И вот уже на стуле перед ним епископ, раздираемый противоречивыми чувствами: тревогой высокопоставленного служителя церкви, стоицизмом мудреца и желанием позабавиться ценящего остроумие поэта. Рядом сестрички, Этель и Сара, которых нарядили и причесали придворные дамы, только и ждут его знака, чтобы, словно экзотические бабочки, вспорхнуть в воздух. Но у него руки и ноги по-прежнему налиты свинцом. Он способен улыбаться, — кланяться, незаметно поплевывать на пальцы, чтобы лучше слушались, но застрявший в груди комок боли, страха и обиды стесняет дыхание. Ему не расшевелить королевских гостей, не одолеть их холодного презрения, а уж тем более почти нескрываемой издевки. Джакомо явственно ощутил, как падает со своего каната в бездну, как стул с епископом переворачивается и святейшие руки цепляются за что попало, лишь бы не полететь вместе со стулом на пол. Кошмар. Неужто ему суждено такое? Не триумф, а позорная ретирада — крадучись, по стенке, — или кое-что похуже, если кто-нибудь сочтет его выходку оскорблением монаршьего достоинства? Ну и ладно, пускай бросают в темницу, он хоть отдохнет от этой нервотрепки. Рехнулся? Нисколько. Голыми руками его не взять. Никому и никогда. И уж, ясное дело, тем, кто сейчас ждет его провала. Рванул ворот рубашки. Они что, и воздух хотят отобрать?

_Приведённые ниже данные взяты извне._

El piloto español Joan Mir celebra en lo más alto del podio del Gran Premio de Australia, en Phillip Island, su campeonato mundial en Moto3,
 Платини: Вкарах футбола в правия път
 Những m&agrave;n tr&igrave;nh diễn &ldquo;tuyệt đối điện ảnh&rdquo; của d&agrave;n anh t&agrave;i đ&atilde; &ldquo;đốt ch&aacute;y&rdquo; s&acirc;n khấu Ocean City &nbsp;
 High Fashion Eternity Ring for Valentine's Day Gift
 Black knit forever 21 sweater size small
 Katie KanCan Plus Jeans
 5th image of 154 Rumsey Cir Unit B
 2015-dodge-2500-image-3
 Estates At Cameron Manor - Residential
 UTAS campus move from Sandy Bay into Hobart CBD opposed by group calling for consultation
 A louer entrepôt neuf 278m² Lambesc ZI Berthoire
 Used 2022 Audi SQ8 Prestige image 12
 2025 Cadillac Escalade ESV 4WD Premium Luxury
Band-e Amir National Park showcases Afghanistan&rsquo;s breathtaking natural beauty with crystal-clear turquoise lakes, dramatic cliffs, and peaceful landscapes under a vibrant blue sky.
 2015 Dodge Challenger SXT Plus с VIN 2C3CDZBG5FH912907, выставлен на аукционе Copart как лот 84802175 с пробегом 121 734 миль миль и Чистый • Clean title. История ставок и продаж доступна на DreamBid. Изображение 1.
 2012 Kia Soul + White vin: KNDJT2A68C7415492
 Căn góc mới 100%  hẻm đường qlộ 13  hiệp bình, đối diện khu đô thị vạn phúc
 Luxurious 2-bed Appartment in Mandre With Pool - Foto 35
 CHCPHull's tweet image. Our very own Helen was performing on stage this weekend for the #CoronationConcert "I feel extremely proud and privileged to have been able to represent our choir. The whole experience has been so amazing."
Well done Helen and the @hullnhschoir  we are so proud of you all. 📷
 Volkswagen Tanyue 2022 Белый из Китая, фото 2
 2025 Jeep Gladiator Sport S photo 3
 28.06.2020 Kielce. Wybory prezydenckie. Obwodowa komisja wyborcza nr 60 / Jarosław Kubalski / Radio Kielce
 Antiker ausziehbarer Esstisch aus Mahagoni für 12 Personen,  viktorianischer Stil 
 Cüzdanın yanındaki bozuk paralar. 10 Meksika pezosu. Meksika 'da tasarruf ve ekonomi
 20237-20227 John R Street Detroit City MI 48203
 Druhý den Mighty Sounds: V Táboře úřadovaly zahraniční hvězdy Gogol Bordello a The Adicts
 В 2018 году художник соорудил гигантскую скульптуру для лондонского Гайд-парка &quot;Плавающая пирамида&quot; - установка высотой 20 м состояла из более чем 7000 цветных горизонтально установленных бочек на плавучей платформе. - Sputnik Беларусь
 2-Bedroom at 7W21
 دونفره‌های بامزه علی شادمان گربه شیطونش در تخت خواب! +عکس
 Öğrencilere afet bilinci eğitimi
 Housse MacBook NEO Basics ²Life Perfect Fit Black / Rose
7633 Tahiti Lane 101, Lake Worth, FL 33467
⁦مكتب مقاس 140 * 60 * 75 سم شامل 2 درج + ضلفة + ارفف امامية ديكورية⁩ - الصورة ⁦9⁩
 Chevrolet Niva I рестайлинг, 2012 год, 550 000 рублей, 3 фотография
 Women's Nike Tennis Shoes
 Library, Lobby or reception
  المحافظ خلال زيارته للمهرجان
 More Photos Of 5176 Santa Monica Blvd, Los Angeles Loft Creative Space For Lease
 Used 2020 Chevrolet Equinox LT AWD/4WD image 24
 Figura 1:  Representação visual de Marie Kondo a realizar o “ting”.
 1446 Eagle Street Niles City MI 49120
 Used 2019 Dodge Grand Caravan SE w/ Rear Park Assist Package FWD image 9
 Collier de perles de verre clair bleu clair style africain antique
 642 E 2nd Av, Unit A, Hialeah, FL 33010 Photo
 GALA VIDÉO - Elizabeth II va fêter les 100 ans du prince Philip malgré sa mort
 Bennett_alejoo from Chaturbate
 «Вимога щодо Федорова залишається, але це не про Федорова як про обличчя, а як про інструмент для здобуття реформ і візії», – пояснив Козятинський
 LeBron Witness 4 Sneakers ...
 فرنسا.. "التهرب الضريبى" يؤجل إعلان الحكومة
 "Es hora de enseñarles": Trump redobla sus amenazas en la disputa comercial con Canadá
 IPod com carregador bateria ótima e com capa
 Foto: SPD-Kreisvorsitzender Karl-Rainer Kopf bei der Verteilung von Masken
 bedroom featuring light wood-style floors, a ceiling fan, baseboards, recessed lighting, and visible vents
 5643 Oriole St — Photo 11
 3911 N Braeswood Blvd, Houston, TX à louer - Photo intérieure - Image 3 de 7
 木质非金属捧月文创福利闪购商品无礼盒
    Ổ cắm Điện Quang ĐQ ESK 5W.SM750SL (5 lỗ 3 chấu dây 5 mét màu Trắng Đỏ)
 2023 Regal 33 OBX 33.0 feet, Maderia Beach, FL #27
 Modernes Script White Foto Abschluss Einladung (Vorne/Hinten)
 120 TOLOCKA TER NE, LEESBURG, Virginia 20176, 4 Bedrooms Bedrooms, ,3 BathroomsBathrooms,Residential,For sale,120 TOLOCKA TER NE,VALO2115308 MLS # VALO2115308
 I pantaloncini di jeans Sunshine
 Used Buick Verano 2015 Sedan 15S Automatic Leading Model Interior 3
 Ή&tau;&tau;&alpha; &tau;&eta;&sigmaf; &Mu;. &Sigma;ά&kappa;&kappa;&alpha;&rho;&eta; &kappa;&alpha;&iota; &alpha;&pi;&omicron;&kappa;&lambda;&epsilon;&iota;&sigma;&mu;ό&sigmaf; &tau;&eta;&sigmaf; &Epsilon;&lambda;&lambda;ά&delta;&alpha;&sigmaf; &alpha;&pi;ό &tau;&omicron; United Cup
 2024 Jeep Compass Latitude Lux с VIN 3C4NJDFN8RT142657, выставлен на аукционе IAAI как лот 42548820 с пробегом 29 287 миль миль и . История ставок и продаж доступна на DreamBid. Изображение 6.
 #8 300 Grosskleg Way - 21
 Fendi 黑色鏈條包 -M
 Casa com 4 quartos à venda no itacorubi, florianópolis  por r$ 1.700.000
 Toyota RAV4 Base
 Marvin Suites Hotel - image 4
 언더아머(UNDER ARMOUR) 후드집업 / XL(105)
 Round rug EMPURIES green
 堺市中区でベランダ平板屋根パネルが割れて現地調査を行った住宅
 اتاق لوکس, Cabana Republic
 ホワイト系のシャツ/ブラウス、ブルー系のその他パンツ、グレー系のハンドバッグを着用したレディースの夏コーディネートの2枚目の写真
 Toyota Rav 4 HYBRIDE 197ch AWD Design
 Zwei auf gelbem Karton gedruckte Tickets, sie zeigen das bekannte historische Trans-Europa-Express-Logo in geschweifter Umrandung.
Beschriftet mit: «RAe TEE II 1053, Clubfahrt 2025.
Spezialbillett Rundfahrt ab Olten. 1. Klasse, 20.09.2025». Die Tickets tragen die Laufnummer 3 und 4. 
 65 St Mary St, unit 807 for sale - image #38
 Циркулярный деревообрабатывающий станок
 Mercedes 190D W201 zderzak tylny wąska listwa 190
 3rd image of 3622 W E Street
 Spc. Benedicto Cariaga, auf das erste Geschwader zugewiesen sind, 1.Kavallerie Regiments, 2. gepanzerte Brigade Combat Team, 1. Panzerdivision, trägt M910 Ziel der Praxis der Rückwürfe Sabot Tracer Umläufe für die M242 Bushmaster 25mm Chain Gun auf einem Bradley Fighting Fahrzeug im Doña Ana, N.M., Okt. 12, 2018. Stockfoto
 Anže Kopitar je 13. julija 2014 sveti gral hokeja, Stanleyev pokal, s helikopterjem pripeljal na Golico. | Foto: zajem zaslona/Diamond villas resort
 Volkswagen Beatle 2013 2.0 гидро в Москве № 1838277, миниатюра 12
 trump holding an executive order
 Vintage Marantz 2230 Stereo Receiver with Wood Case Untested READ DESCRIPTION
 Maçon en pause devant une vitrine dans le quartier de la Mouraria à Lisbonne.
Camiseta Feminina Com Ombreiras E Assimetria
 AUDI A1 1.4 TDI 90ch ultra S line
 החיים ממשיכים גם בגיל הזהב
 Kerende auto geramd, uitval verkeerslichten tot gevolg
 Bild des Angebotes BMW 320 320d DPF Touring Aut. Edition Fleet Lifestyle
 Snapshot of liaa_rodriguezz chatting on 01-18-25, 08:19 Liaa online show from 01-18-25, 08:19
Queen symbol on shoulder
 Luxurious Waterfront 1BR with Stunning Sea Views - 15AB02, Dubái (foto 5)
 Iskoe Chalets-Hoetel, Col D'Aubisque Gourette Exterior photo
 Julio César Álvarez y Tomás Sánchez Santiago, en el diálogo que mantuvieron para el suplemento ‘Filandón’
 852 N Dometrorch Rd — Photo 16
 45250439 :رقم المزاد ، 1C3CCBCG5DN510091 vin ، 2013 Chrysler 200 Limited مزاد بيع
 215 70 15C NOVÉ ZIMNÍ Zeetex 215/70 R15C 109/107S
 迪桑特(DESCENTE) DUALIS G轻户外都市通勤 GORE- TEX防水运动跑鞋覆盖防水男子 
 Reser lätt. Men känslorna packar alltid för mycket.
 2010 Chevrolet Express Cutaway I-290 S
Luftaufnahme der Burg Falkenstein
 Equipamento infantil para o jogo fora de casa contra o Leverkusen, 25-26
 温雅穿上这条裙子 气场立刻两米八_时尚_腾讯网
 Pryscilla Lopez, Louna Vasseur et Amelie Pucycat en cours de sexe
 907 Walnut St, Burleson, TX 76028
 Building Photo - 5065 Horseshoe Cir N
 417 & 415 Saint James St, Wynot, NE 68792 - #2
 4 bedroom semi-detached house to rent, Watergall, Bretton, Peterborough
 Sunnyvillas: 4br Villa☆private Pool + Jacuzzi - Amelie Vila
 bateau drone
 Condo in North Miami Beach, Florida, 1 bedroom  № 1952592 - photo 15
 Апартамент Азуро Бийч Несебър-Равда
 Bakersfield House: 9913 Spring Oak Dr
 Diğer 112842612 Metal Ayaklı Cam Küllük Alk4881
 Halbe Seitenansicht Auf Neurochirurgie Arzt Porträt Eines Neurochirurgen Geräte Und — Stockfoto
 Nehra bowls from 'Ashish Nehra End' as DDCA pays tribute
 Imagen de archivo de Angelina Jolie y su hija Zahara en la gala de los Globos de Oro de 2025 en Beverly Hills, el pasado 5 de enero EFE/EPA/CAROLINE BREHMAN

Резко расправил плечи. Кого он боится? Разве они не такие же смертные? Лишить титулов, содрать богатые одежды — и что останется? Стадо перепуганных людишках. Ему тут же представилась эта картина: втягивающие животы мужчины с бритыми затылками и стыдливо съежившиеся женщины. Острые лопатки, обвислые груди, кривые ноги прячущих лица за веерами насмешниц, дряблые мышцы, гнилые зубы и похожие на свиные хвостики члены премудрых придворных. Браницкий, волосатый, как обезьяна, князь Казимеж с копьем, готовым вонзиться в кого ни попадя. И лишь Катай с вызывающе торчащими грудями, как всегда ослепительная; что это — кара или обещание награды? Да это же библейский Страшный Суд, на котором не они — жалкие, грешные, ничтожные — выносят приговор, а он — уже овладевший собой, сосредоточенный, способный мановением десницы обратить их всех в прах.